Ia menilai bahwa pola pikir ini telah membentuk karakter masyarakat dalam memahami hukum pidana. Namun, di banyak negara, sistem hukum pidana modern tidak lagi berpegang pada prinsip lex talionis atau hukum pembalasan, di mana hukuman bagi pelaku kejahatan harus setimpal dengan perbuatannya.
Eddy mengakui bahwa mengubah cara berpikir masyarakat mengenai hukum pidana tidak mudah. Namun, perubahan ini telah dituangkan dalam KUHP baru yang akan mulai berlaku pada 2 Januari 2026.
Untuk mendukung implementasi KUHP baru, Eddy menegaskan bahwa pemerintah akan terus melakukan sosialisasi agar masyarakat lebih memahami konsep hukum pidana yang lebih modern. Sosialisasi ini akan dimulai dari aparat penegak hukum sebelum diperluas ke masyarakat umum.

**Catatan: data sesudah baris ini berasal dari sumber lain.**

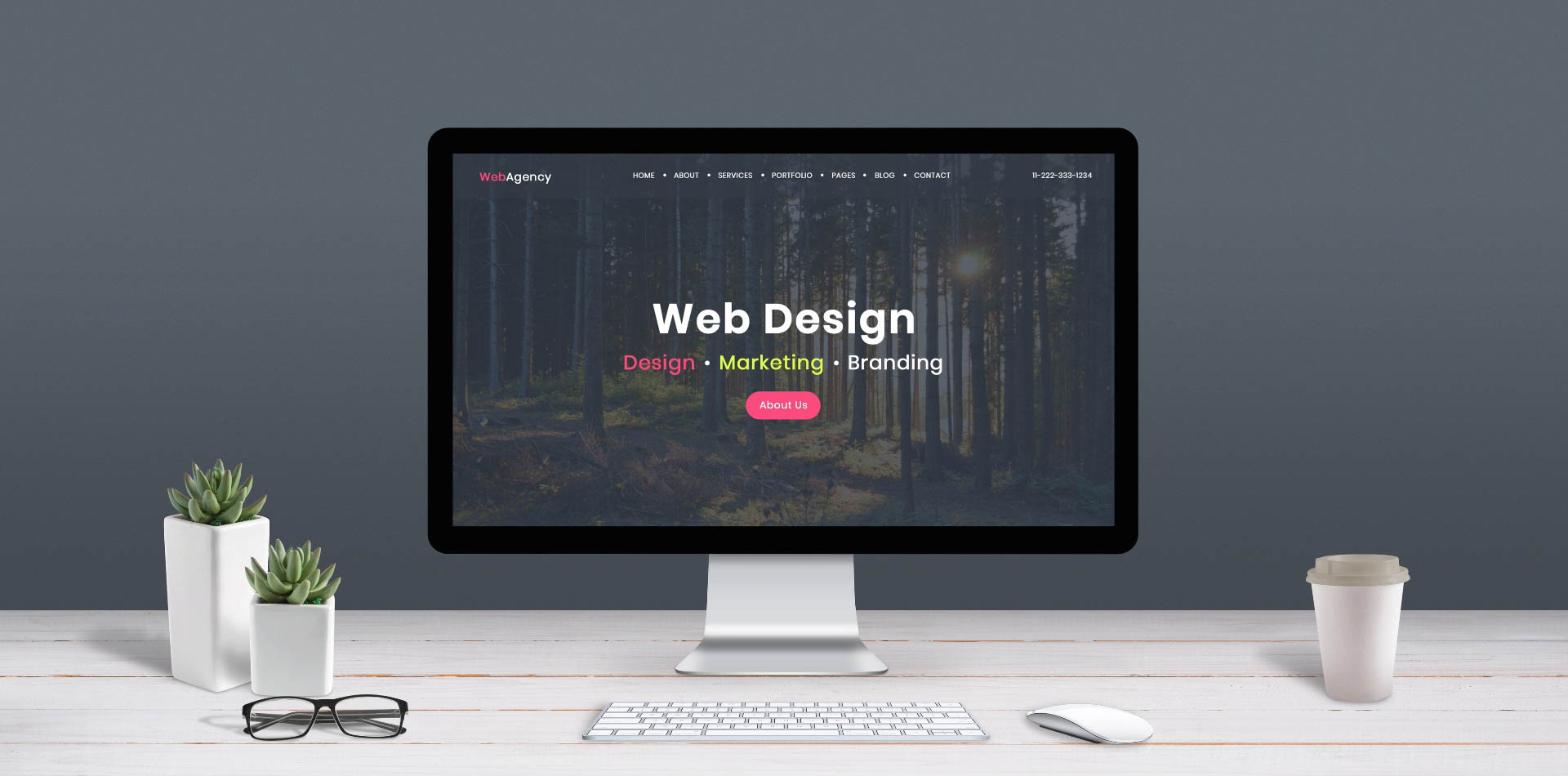 Well-designed website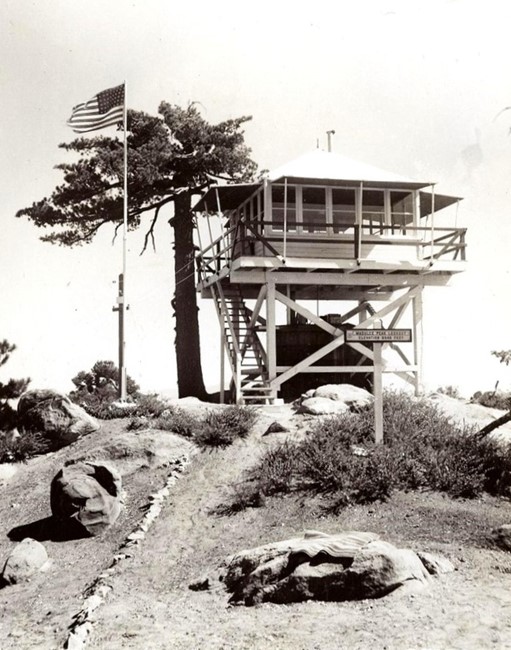 Madulce Peak Lookout  -  1937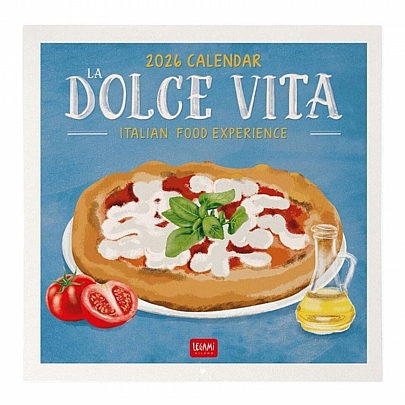 Μηνιαίο Ημερολόγιο Τοίχου 2026 - La Dolce Vita (30x29) - Legami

KUHP baru mengusung tiga pendekatan utama dalam hukum pidana, yaitu keadilan korektif, restoratif, dan rehabilitatif.
Keadilan korektif berfokus pada pelaku, di mana setiap kesalahan harus dikoreksi.
“Koreksi yang dimaksud di sini tidak harus sanksi pidana, tetapi ada pula sanksi tindakan,” terang Eddy.
Keadilan restoratif bertujuan untuk memulihkan keadaan korban serta mengembalikan keseimbangan sosial yang terganggu akibat tindak pidana.
Sementara itu, keadilan rehabilitatif diterapkan baik kepada pelaku maupun korban. Dalam konsep ini, pelaku tidak hanya dihukum atau dikoreksi, tetapi juga diperbaiki. Begitu pula dengan korban, yang tidak sekadar mendapat pemulihan, tetapi juga mengalami perbaikan secara lebih menyeluruh.
“Inilah paradigma hukum pidana modern yang tidak lagi pada keadilan retributif, tetapi keadilan korektif, keadilan restoratif, dan keadilan rehabilitatif. Itu semua merupakan visi KUHP Nasional,” tukasnya.